● **SOURCE INFORMATION**:
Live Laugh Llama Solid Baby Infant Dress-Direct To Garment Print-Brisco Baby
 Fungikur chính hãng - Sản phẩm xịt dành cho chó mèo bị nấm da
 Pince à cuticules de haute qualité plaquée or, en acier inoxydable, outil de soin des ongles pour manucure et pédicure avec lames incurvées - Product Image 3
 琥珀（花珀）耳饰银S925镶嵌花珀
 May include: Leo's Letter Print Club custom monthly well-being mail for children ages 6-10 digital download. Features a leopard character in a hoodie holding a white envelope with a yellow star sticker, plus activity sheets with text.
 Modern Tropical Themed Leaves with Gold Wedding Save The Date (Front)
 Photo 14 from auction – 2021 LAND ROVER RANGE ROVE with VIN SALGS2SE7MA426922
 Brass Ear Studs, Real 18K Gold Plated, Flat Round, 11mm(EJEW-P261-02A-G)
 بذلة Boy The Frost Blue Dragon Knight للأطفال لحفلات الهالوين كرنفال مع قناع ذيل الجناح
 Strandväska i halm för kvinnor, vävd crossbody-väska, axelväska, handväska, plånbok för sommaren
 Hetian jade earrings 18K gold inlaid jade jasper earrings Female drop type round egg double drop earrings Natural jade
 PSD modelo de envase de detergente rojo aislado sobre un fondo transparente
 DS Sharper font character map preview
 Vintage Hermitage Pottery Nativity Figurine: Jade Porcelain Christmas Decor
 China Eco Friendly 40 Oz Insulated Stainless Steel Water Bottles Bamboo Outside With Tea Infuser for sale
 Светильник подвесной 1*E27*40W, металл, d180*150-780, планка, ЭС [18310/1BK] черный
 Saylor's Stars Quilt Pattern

● **TASK ITEM**:
Transcribe exactly, and only, the lines that extend from the one containing "Hetian jade earrings" to the end of the records above, inclusive of both.

● **THE COMPLETED TASK**:
 Hetian jade earrings 18K gold inlaid jade jasper earrings Female drop type round egg double drop earrings Natural jade
 PSD modelo de envase de detergente rojo aislado sobre un fondo transparente
 DS Sharper font character map preview
 Vintage Hermitage Pottery Nativity Figurine: Jade Porcelain Christmas Decor
 China Eco Friendly 40 Oz Insulated Stainless Steel Water Bottles Bamboo Outside With Tea Infuser for sale
 Светильник подвесной 1*E27*40W, металл, d180*150-780, планка, ЭС [18310/1BK] черный
 Saylor's Stars Quilt Pattern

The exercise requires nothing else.